Records to process »
=-=-=

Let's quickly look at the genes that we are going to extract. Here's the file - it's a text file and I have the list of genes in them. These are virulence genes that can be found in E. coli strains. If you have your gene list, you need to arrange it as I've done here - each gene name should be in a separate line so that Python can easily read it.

=-=-=

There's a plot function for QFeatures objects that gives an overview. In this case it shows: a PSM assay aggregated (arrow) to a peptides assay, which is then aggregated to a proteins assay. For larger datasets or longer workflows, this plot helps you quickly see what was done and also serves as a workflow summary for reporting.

=-=-=

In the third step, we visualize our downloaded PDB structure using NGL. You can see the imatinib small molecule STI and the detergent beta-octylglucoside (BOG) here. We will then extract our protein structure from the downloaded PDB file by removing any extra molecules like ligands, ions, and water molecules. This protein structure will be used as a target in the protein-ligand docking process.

=-=-=

Brief » Which lines of the data above contain "file"? Copy each one.

Task result »
Let's quickly look at the genes that we are going to extract. Here's the file - it's a text file and I have the list of genes in them. These are virulence genes that can be found in E. coli strains. If you have your gene list, you need to arrange it as I've done here - each gene name should be in a separate line so that Python can easily read it.
In the third step, we visualize our downloaded PDB structure using NGL. You can see the imatinib small molecule STI and the detergent beta-octylglucoside (BOG) here. We will then extract our protein structure from the downloaded PDB file by removing any extra molecules like ligands, ions, and water molecules. This protein structure will be used as a target in the protein-ligand docking process.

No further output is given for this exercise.